Pronto veremos como se desarrolla la línea Trump ante los múltiples retos que tiene por delante. Pronto veremos si -como muchos anuncian- deja a Ucrania abandonada a su suerte ante la invasión rusa; o si da nuevas alas a Netanyahu para lanzar mayores agresiones sobre Palestina o Irán, avivando el incendio de Oriente Medio; o si incrementa la tensión bélica en Asia Pacífico y en torno al cerco a China.
Pero no hace falta tener un oráculo para saber que con Trump se crecerá la amenaza a la Paz Mundial. No sólo por los modos incendiarios del republicano, sino por los factores estructurales de la superpotencia.
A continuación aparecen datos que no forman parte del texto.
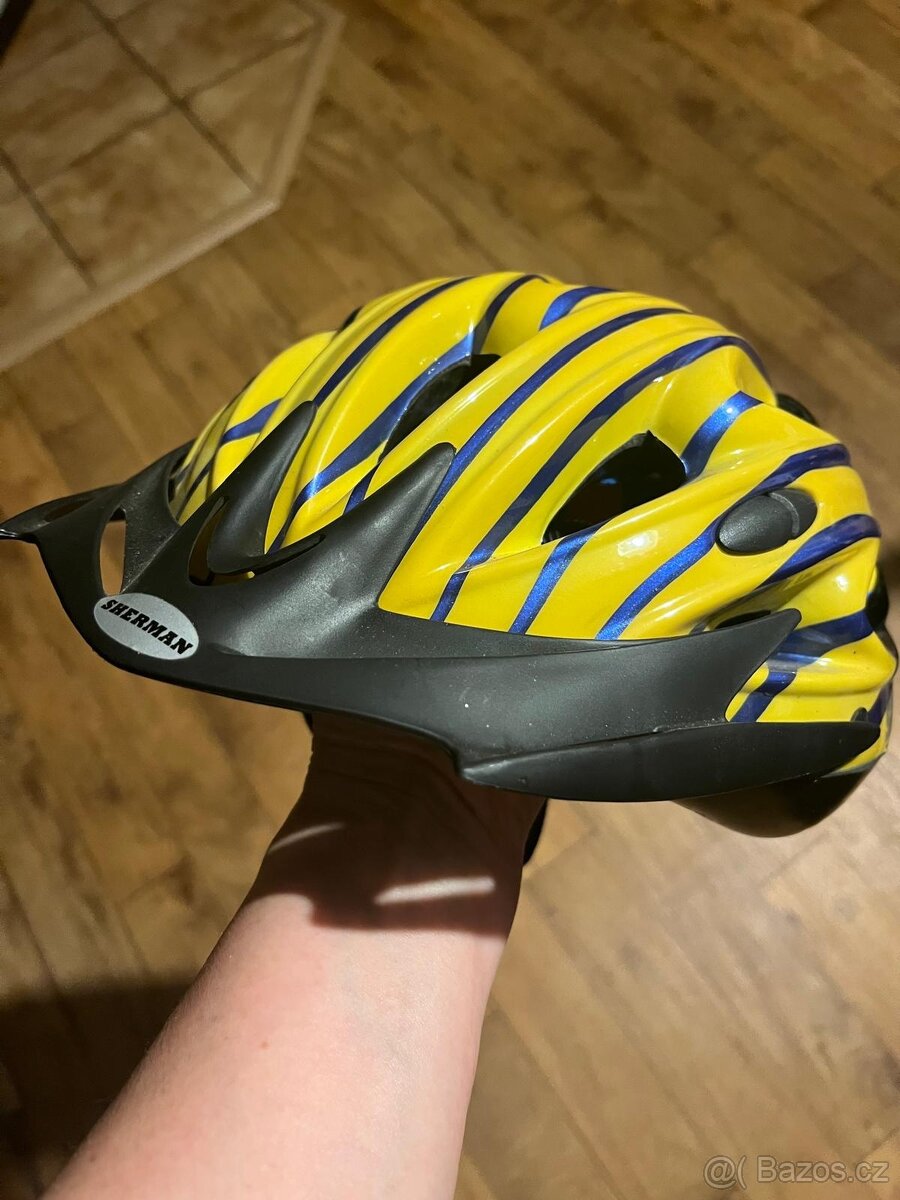 Cyklistická přilba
Las necesidades de EEUU son más imperiosas; necesita recurrir a la fuerza militar para detener el declive en las áreas del planeta donde ha retrocedido, como Oriente Medio; y necesita saquear y exprimir más intensamente a los países bajo su órbita e imponerles mayores tributos de guerra.
Sabemos además que el trumpismo es una amenaza la democracia, para las libertades y los derechos, en EEUU y en el mundo. Sabemos que promueve -en EEUU, y en el resto del mundo, gracias a su «internacional de la extrema derecha»- un modelo político y social que dé aún mayor poder a las oligarquías financieras para explotar y oprimir a las clases trabajadoras, especialmente a los trabajadores migrantes, despojándoles de derechos políticos para imponerles condiciones más onerosas. Sabemos que no tienen reparos en apartar de un golpe a la democracia cuando esta les estorba.
Pero sin embargo, con sus formas más agresivas, Trump y el trumpismo ya fracasaron la primera vez. La superpotencia ya probó esa receta, y no pudo evitar que su ocaso siguiera avanzando, ni que el orden mundial multipolar siguiera emergiendo, ni que la lucha de los países y pueblos del mundo les siguiera golpeando, socavando su hegemonía y privándoles de espacios de dominación y control.
¿Por qué había de salirles bien esta vez?.